In the New Testament mysterion denotes an event in the world of time and space which is directly initiated and brought to pass by God alone, so that in distinction from all other events it is basically a mystery to human cognition in respect of its origin and possibility. If it discloses itself to man, this will be, not from without, but only from within, through itself, and therefore once again only through God’s revelation … Faith as a human action is nowhere called a mystery, nor is Christian obedience, nor love, nor hope, nor the existence and function of the ecclesia, nor its proclamation of the Gospel, nor its tradition as such, nor baptism, nor the Lord’s Supper. Would this omission have been possible if the New Testament community had been aware that certain human attitudes, actions and institutions were freighted with the divine word and act, if it had ascribed to baptism in particular the quality of a bearer and mediator of grace, salvation, and its manifestation?

Baptism – an Evangelical Sacrament Part 1

Over the coming week, I propose to post some thoughts (in 7 sections) on baptism as an evangelical sacrament.

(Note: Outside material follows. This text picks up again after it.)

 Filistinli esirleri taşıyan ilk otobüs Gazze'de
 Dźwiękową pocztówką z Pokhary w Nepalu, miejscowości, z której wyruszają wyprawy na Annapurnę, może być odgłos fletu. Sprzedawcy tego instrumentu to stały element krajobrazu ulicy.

I am reminded that in his lectures on Christology, Dietrich Bonhoeffer made a plea that we, in our theology, would give priority to the question of who over that of how, and that we will always seek to answer the latter in terms of the former. As we shall seek this is crucially important if we are to understand in what sense we can speak of baptism as an ‘evangelical sacrament’, as evangelium sacramentum.

This is because the sacraments of the Gospel find their ultimate ground in the Incarnation and the vicarious obedience and death of Jesus Christ in the humanity which he took from us and sanctified in and through his self-offering to the Father. This means that they have to be understood in terms of the historical Jesus from his birth to his resurrection and ascension, for their content, reality and power are constituted not simply by the saving act of God upon us in Christ but by the act of God fulfilled in the vicarious humanity of Christ, as he was begotten of the Virgin Mary, crucified under Pontius Pilate and resurrected from the tomb of Joseph of Arimathea. This is to say that the primary mysterion or sacramentum is Jesus Christ himself, the incarnate reality of the Son of the Father who has incorporated himself into our humanity and assimilated the people of God, both Jews and Gentiles, into himself as his own Body, so that the sacraments have to be understood as concerned with our koinonia or participation in the mystery of Christ and his Church through the koinonia of the Holy Spirit. In other words, we can only understand baptism as we look through its rite in water, administered in the name of the Triune God, back to the corporate baptism of the Church at Pentecost which itself stands behind the baptism of every individual, and through that baptism in the Spirit back to the one vicarious baptism with which Christ was baptised, not only in water and the Spirit at the Jordan but also his baptism in blood on the Cross, and hold it in steady focus as the primary fact which gives baptism its meaning.

Thus baptism is to be interpreted similarly to kerygma and yet not so much as to the actual act of proclamation itself, but rather as to what is proclaimed, namely, Jesus Christ himself. Similarly, baptism is to be understood as referring not simply to the baptising of someone in the name of Christ but to the baptism with which Jesus Christ himself was baptised as representative man, as the second, or last, Adam, from his birth to his resurrection, the one baptism which he continues to apply by his Spirit to us in our baptism into him, thereby making himself both its material content and its active agent. So we are baptised into that baptism which itself was Trinitarian.